Brief descriptive captions =
***
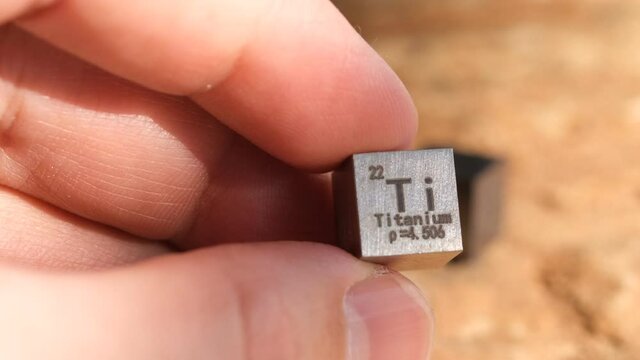 cube of titanium ore in a man's hand.	

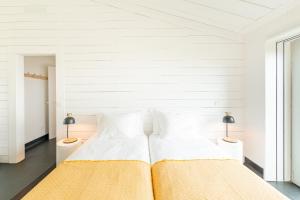 a white bedroom with two beds and two lamps at Casas da Prainha C in Companhia de Baixo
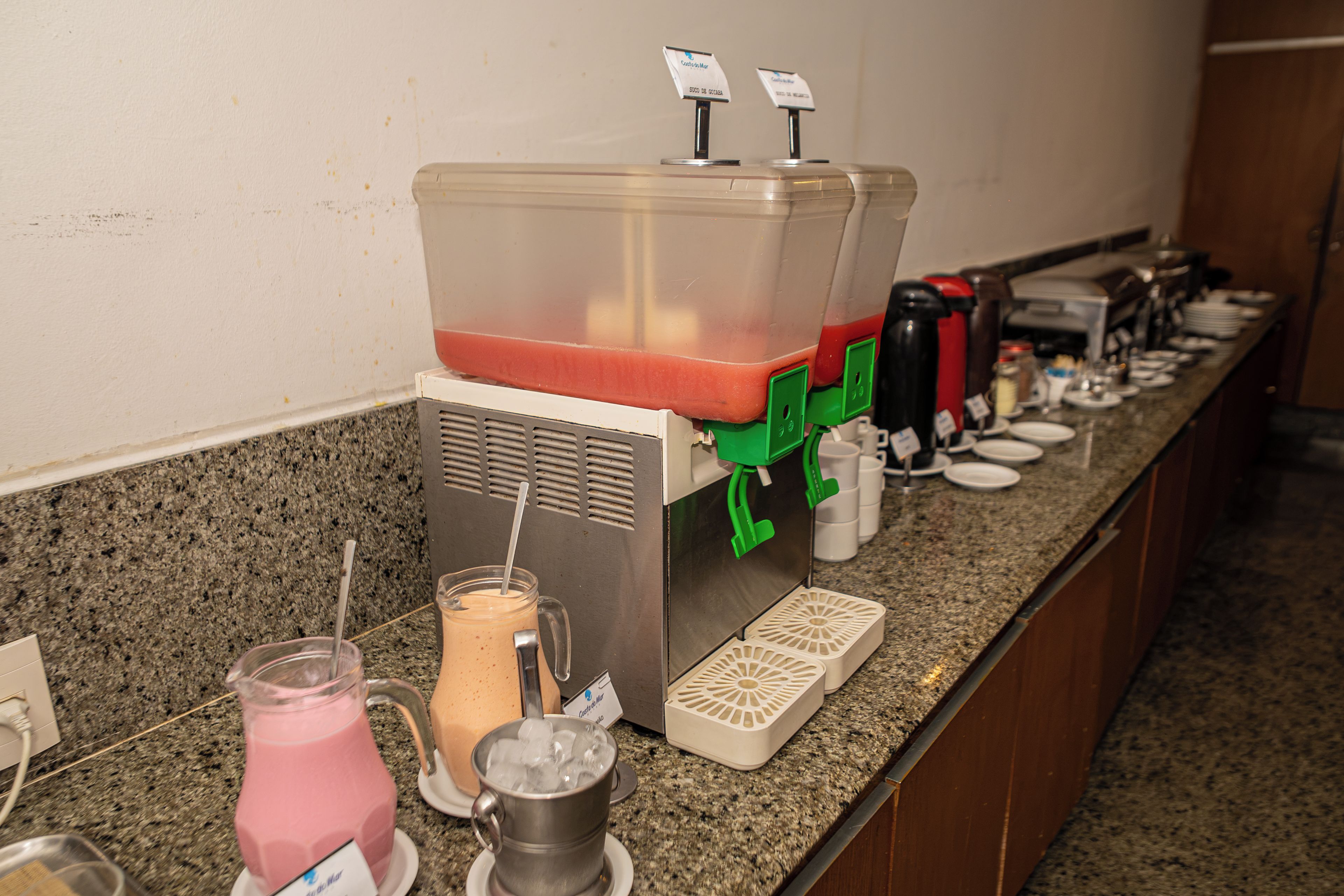 A self-serve beverage station with multiple drink dispensers and a coffee machine.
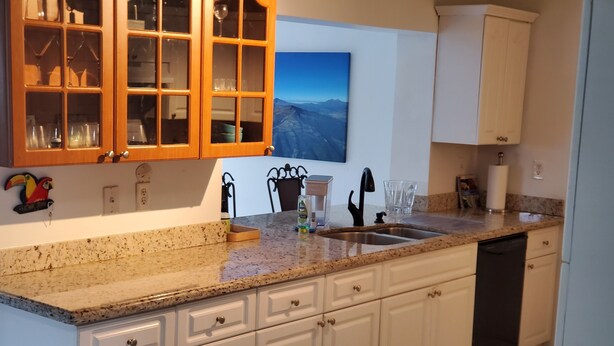 A kitchen with white cabinets, a granite countertop, a dishwasher, and a window with a mountain view. - Cozy family home in quiet area, nice garden views. (Miami)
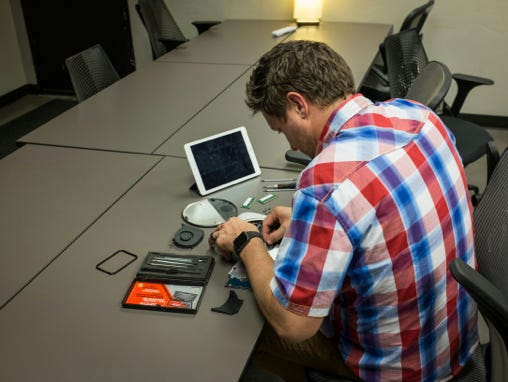 Focused technician repairing computer in workshop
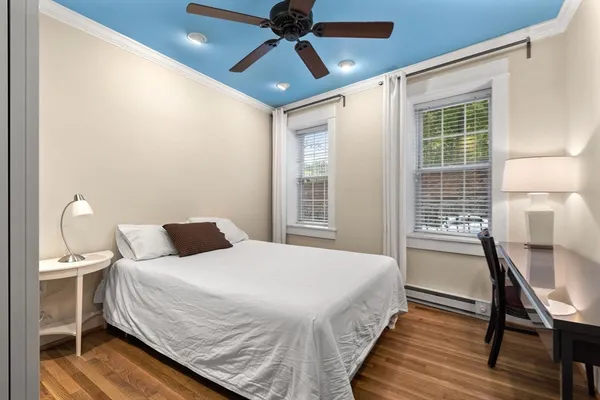 a bedroom with a bed and a table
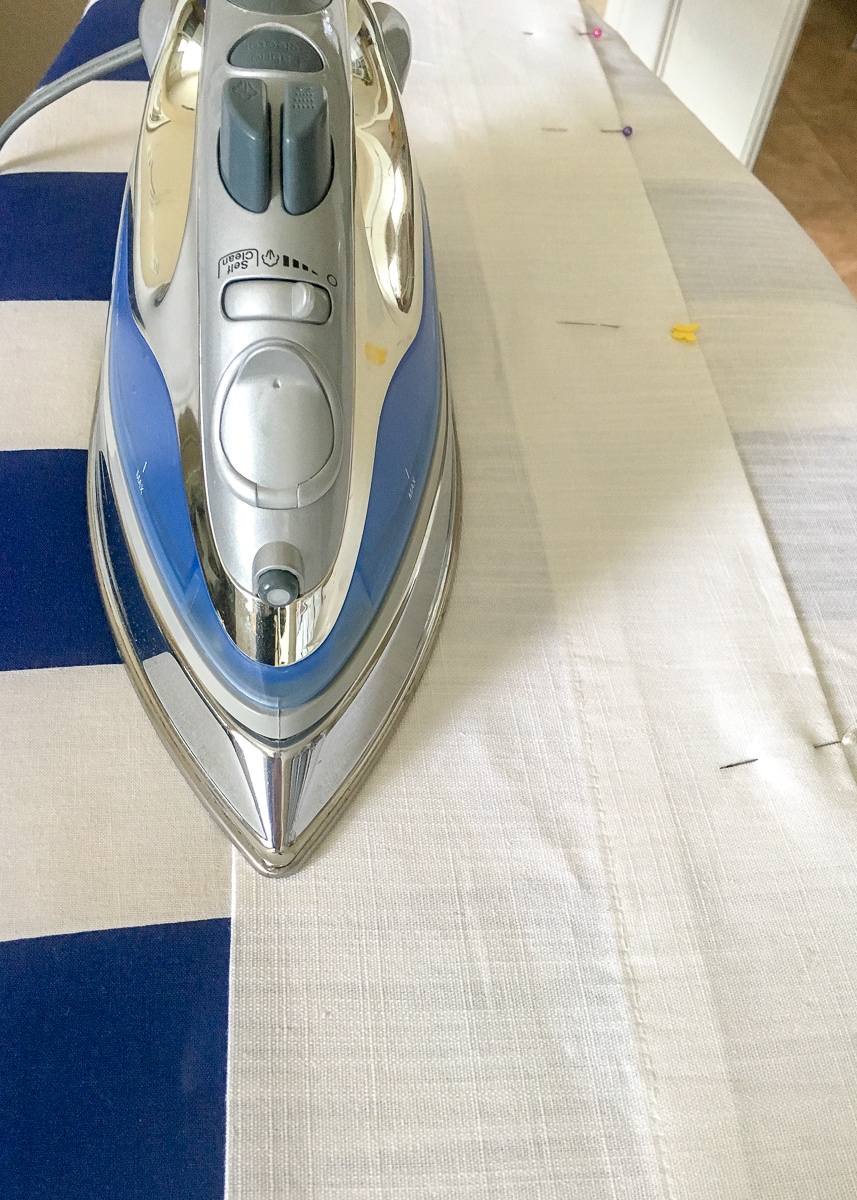 ironing a curtain hem flat on top of an ironing board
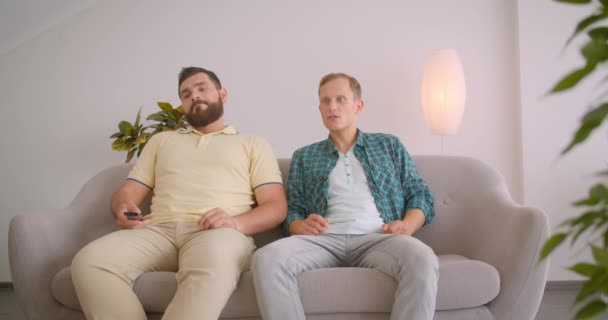 Retrato de cerca de dos hombres caucásicos viendo fútbol en la televisión y celebrando juntos sentados en el sofá en casa dentro — Vídeos de Stock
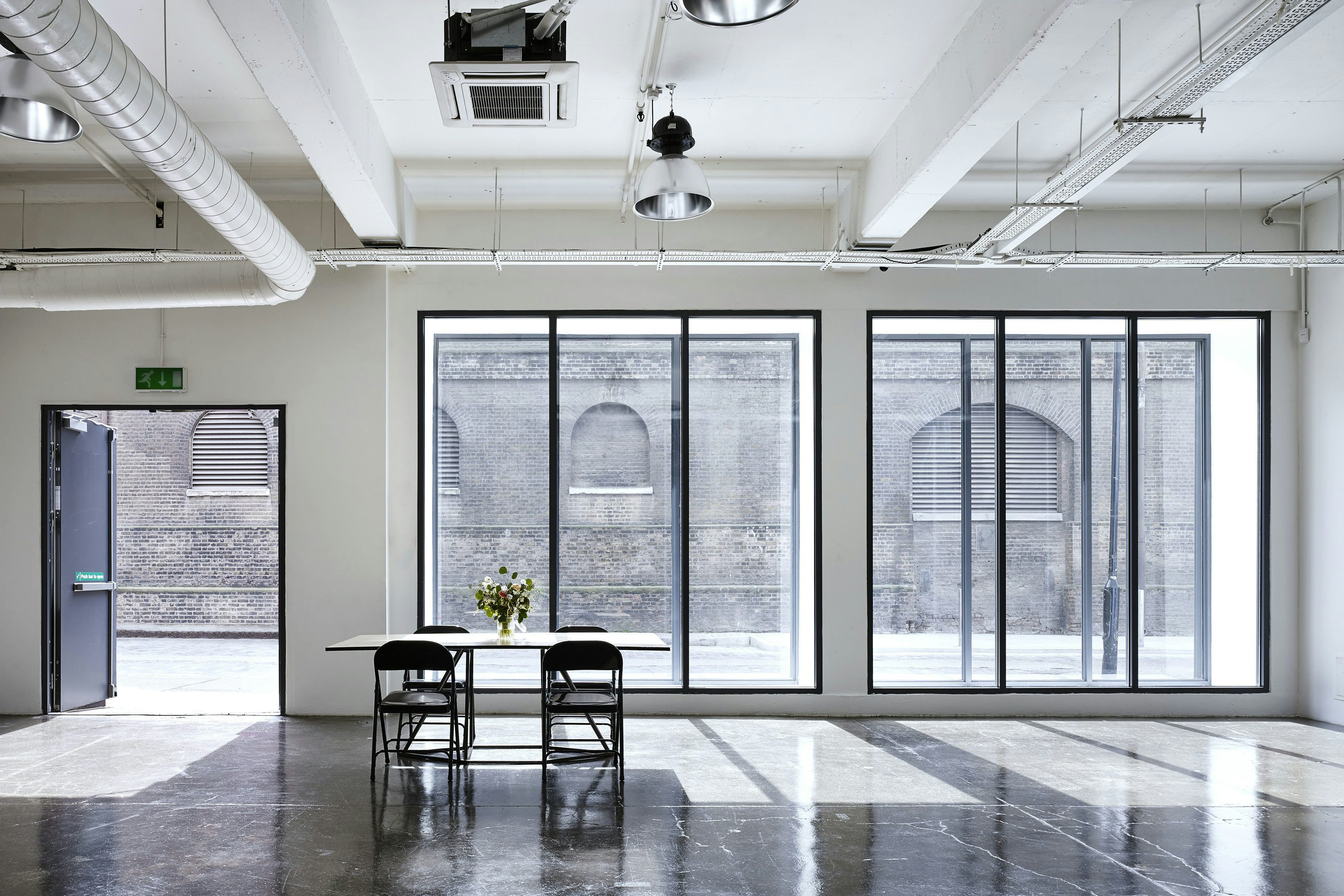 Modern meeting room with large windows, perfect for workshops and events.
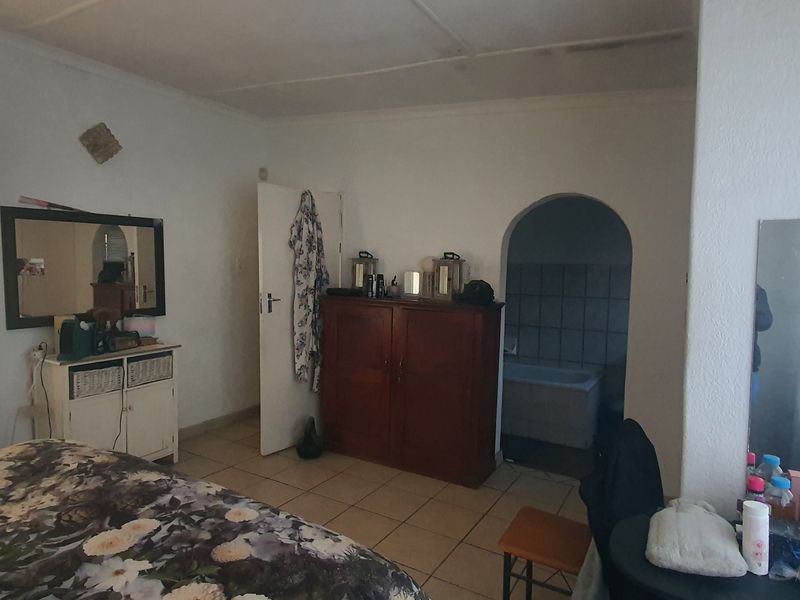 A bedroom featuring tiled flooring and an arched doorway leading to an en-suite bathroom, requiring cosmetic updates to improve the overall finish.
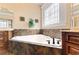 Jetted soaking tub is framed by decorative tile, storage cabinets and a stained-glass window at 3284 Kylee Dawn Cir, Lawrenceville, GA 30045
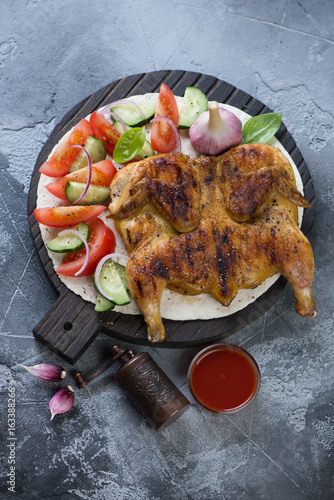 Top view of roasted chicken tapaka served with fresh vegetables, vertical shot over grey stone background photo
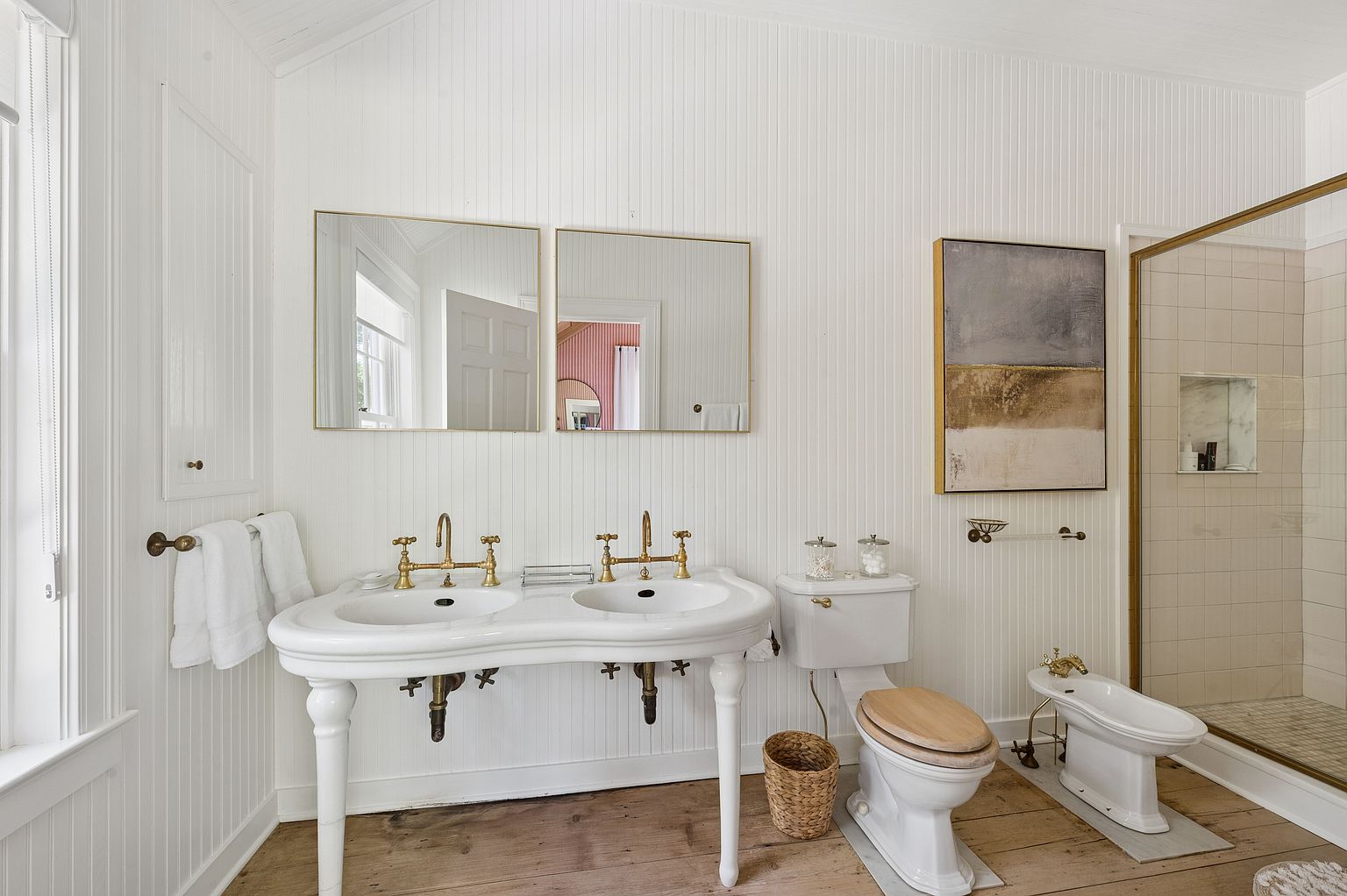 This bright and airy bathroom features a double-sink vanity with brass fixtures and a classic white pedestal base. The space is finished with vertical beadboard wall paneling, light wood flooring, and a walk-in shower enclosed by a brass-framed glass partition. A toilet and bidet are positioned alongside the vanity, while a piece of abstract wall art adds a touch of color to the neutral, elegant aesthetic.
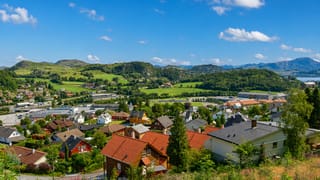 Ålgård nestled in a green valley, red-roofed houses spread below forested hills with a lake and mountains beyond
***
Assigned task = Copy out the lines above from the line containing "Retrato de cerca" through the line containing "Top view of", exactly, and keep the pictures out.

Exercise output =
 Retrato de cerca de dos hombres caucásicos viendo fútbol en la televisión y celebrando juntos sentados en el sofá en casa dentro — Vídeos de Stock
 Modern meeting room with large windows, perfect for workshops and events.
 A bedroom featuring tiled flooring and an arched doorway leading to an en-suite bathroom, requiring cosmetic updates to improve the overall finish.
 Jetted soaking tub is framed by decorative tile, storage cabinets and a stained-glass window at 3284 Kylee Dawn Cir, Lawrenceville, GA 30045
 Top view of roasted chicken tapaka served with fresh vegetables, vertical shot over grey stone background photo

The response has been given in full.